For much of the last century and a half since the 6-week U.S.-Dakota War that has largely been the narrative put forth in the newspapers that covered the event and its aftermath. This myopic approach to covering the U.S.-Dakota War almost entirely ignored the manipulative treaties, the withheld annuity payments, and other causes that led to the fighting. Subsequent articles from anniversaries ignored the legacies of the war; choosing to focus largely on the plight of settlers at the expense of highlighting the continued disenfranchisement of the Dakota people.
For the last several years, the Center for Holocaust & Genocide Studies has been engaged in a research project, analyzing newspaper accounts of the U.S.-Dakota War and later anniversaries in an effort to better understand how the state’s memory of and attitudes toward the war have shifted over the last 150 years. Last year, the Center released a curriculum geared towards Minnesota sixth grade students that incorporates this research.

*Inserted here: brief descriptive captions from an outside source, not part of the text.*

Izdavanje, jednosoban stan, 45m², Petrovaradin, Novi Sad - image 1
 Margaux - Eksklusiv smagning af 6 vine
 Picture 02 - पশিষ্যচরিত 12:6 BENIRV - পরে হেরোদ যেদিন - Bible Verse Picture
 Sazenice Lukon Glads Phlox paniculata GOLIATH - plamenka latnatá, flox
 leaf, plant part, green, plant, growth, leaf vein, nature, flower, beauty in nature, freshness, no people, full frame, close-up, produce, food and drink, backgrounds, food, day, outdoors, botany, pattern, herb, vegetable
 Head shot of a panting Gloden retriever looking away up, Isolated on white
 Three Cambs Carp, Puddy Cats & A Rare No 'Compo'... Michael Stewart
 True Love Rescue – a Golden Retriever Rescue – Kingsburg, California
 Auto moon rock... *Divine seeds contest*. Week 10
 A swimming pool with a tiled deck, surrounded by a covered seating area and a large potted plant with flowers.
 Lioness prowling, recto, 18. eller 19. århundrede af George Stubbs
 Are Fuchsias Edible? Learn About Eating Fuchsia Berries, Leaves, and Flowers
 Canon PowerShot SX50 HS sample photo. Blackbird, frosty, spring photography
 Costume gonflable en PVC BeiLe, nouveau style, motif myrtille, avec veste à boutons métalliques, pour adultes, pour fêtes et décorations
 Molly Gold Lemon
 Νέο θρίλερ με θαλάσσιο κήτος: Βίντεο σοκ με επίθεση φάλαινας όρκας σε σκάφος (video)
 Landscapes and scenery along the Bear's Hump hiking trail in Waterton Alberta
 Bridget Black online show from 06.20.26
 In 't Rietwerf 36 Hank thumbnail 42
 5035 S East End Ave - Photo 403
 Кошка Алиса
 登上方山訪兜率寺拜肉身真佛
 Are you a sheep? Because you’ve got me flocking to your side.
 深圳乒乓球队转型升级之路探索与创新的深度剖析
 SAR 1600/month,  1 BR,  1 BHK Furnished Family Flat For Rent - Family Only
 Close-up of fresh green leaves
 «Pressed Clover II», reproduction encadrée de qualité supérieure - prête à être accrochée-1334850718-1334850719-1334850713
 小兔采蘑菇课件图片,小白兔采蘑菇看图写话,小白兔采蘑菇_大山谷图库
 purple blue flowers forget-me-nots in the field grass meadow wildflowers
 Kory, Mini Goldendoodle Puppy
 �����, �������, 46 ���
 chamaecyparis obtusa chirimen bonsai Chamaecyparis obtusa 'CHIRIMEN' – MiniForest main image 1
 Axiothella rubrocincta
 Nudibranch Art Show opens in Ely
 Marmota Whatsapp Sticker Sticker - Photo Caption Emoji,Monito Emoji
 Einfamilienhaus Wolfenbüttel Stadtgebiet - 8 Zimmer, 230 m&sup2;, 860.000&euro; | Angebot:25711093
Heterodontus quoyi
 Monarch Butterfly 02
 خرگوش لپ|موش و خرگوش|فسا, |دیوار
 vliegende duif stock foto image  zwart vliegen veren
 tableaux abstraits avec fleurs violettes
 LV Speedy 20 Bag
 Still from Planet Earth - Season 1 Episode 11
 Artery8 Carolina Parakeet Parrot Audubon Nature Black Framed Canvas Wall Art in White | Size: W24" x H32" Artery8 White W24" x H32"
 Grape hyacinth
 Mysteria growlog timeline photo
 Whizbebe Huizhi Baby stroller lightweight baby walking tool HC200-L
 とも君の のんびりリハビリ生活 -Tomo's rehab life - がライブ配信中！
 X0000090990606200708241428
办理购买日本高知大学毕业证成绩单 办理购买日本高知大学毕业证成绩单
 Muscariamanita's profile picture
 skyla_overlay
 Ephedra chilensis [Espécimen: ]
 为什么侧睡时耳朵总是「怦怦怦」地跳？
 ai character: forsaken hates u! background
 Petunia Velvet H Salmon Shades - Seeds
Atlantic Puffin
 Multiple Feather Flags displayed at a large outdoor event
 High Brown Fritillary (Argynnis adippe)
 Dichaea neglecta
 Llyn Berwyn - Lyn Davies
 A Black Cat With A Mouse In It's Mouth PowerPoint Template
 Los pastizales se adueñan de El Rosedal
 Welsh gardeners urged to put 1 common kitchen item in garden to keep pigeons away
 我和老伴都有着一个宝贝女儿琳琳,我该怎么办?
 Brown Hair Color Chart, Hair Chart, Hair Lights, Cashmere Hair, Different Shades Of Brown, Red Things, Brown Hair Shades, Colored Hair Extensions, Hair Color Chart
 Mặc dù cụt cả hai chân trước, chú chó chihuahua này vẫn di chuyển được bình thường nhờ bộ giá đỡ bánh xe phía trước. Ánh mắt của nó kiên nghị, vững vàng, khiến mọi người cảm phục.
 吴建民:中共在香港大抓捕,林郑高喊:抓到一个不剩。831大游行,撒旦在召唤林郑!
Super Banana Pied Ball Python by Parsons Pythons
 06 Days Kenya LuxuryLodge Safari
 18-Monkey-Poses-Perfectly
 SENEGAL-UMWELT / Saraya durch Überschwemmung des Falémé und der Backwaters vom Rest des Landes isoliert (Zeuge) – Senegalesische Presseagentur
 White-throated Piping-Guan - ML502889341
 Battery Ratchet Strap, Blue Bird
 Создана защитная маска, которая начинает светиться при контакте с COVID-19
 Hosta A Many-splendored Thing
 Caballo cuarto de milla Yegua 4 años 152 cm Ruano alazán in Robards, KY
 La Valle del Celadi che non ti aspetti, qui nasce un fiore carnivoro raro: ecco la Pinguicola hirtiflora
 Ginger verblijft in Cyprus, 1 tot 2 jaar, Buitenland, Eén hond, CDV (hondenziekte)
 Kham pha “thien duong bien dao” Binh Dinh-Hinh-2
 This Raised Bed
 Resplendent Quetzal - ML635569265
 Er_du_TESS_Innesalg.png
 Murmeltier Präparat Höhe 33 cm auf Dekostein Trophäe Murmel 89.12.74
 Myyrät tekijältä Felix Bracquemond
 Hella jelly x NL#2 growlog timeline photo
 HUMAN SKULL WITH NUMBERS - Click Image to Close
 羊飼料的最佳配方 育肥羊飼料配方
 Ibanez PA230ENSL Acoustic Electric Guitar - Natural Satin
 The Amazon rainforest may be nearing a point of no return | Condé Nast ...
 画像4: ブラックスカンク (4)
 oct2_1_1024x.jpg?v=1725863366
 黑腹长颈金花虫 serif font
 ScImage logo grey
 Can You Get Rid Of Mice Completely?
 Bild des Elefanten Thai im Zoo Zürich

Now as Minnesota approaches the 158th anniversary of the war that changed the trajectory of the state and sealed the fate of its original inhabitants, the Center will be sharing the headlines from the war, providing critical insight into what’s been long considered Minnesota’s forgotten war. The newspapers come from Mankato, near the epicenter of the fighting along the Minnesota River, and St. Paul, the seat of the state government where decisions impacting the course of the war and its aftermath were made. Some of these headlines will be painful, like the calls for the complete annihilation of the Dakota. Some will be surprising, like drawing attention to broken treaty agreements as early as in 1912. Along the way, we’ll showcase that the U.S.-Dakota War has never been black and white.